DATA SUPPLIED below:

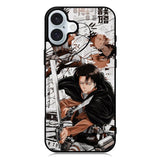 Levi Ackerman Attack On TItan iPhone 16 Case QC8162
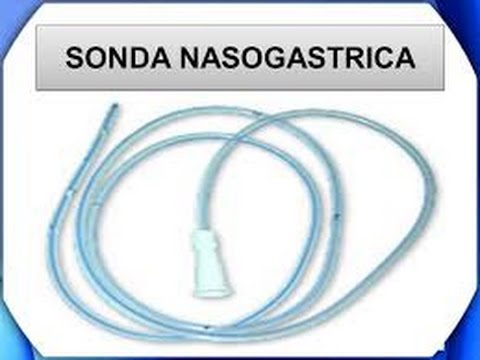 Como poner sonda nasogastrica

End of DATA SUPPLIED.
DATA SUPPLIED below:

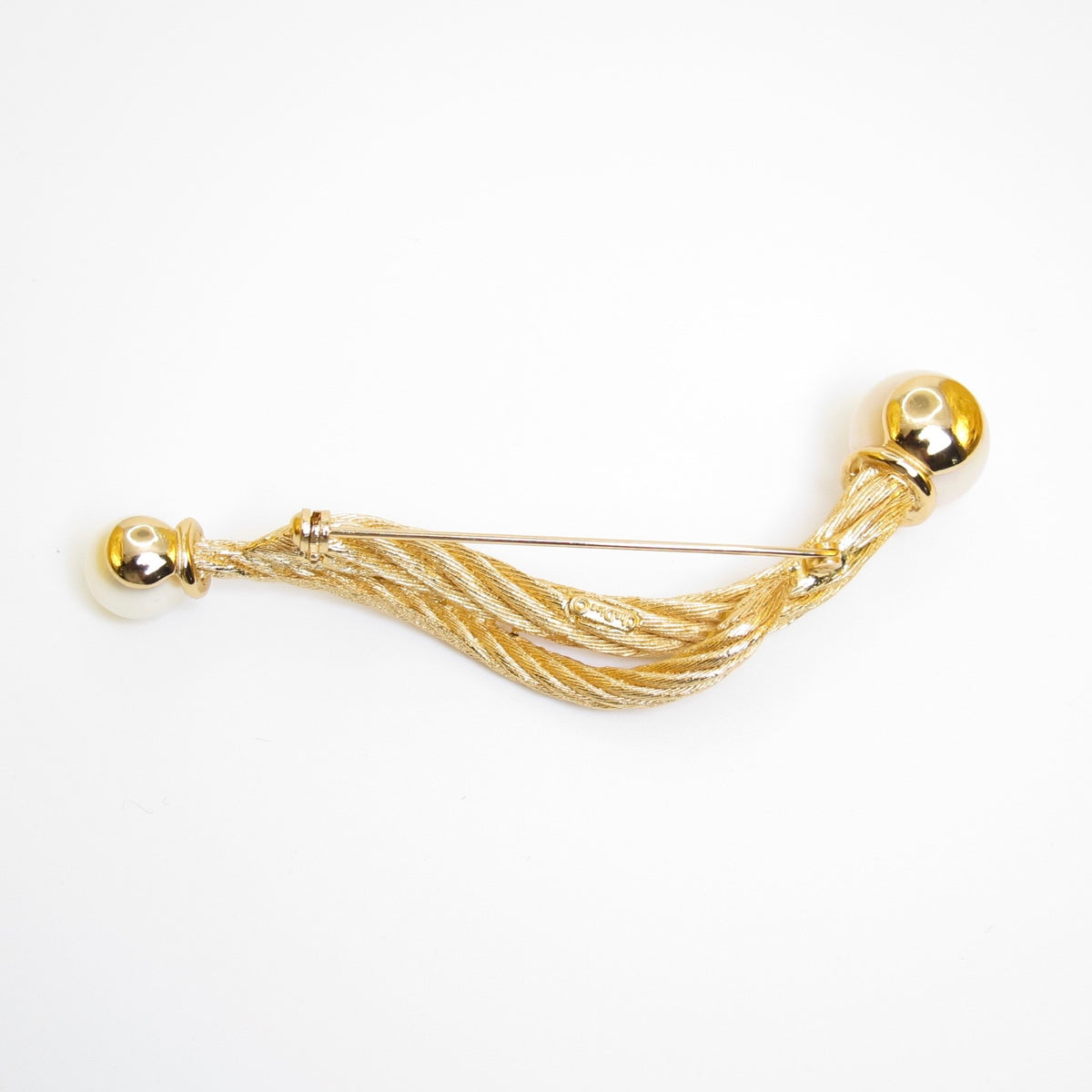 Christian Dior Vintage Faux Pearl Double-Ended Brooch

End of DATA SUPPLIED.
DATA SUPPLIED below:

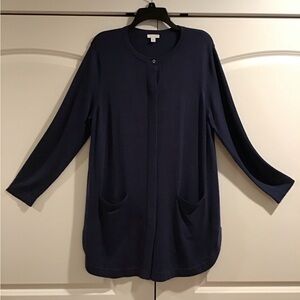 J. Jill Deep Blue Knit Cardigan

End of DATA SUPPLIED.

_WHAT THE TASK REQUIRES_: Give back exactly the lines above that run from the one with "Levi Ackerman Attack" to the one with "Como poner sonda nasogastrica", including both, with the pictures left out.

_SOLUTION TO THE PROBLEM_:
 Levi Ackerman Attack On TItan iPhone 16 Case QC8162
 Como poner sonda nasogastrica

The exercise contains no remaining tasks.